Online Anchor-based Training for Image Classification Tasks
Maria Tzelepi, Vasileios Mezaris
TL;DR
The paper addresses image classification by introducing Online Anchor-based Training (OAT), which replaces direct class-label learning with offset regression relative to dynamically defined anchors computed as batch centers at the output. Training minimizes a mean-squared error on percentage-change targets $t_{OAT}^i = \frac{\mathbf{c}_i}{\mathbf{a}^i} - 1$ using anchors $a^i = \sigma\left(\frac{1}{|\mathcal{B}^i|} \sum_{\Phi(\mathbf{x}_j;\mathcal{W}) \in \mathcal{B}^i} \Phi(\mathbf{x}_j;\mathcal{W})\right)$, and test-time predictions are mapped back to the original class space via a test anchor. The approach is validated on four datasets (CIFAR-10, UCF-101, ERA, BAR) across diverse architectures, showing consistent accuracy improvements with computational costs comparable to standard training.
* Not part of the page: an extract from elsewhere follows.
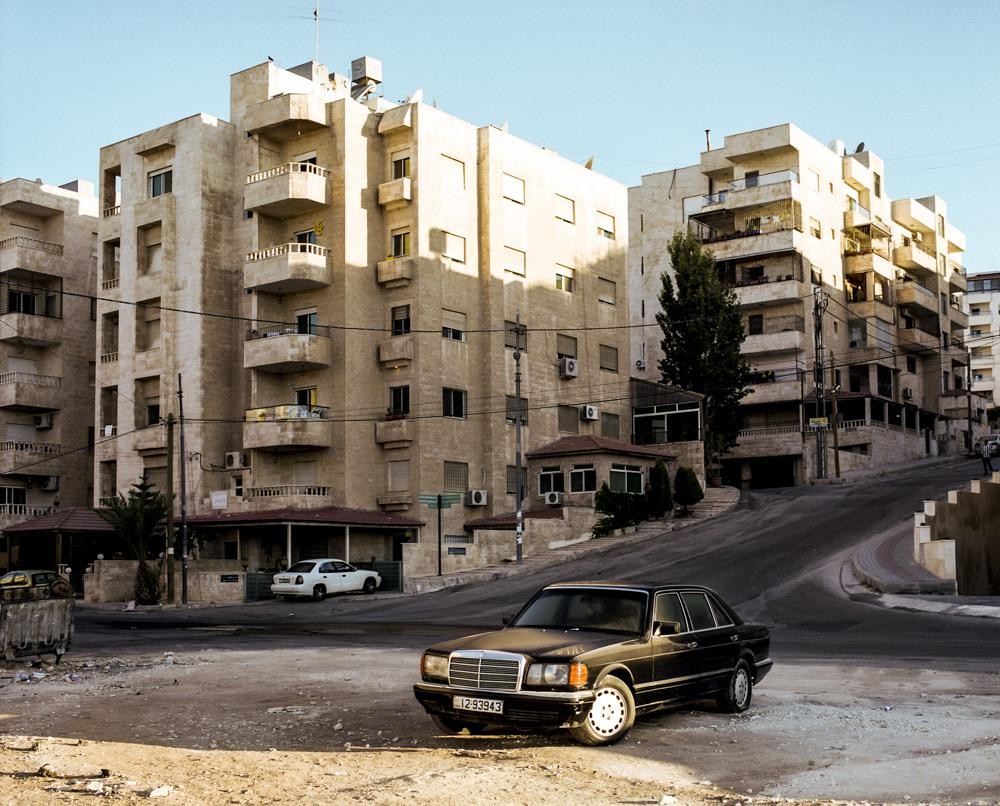 A black car is parked on a dirt patch next to a street with large buildings in the background.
Key contributions include the online batch-center anchor design, the offset-based objective, and the demonstrated applicability to both CNNs and transformers like ViT-L-16, achieving near- or state-of-the-art results on challenging benchmarks. This method offers a practical, architecture-agnostic enhancement to image classification with potential for broad adoption in real-world pipelines.
Abstract
In this paper, we aim to improve the performance of a deep learning model towards image classification tasks, proposing a novel anchor-based training methodology, named \textit{Online Anchor-based Training} (OAT). The OAT method, guided by the insights provided in the anchor-based object detection methodologies, instead of learning directly the class labels, proposes to train a model to learn percentage changes of the class labels with respect to defined anchors. We define as anchors the batch centers at the output of the model. Then, during the test phase, the predictions are converted back to the original class label space, and the performance is evaluated. The effectiveness of the OAT method is validated on four datasets.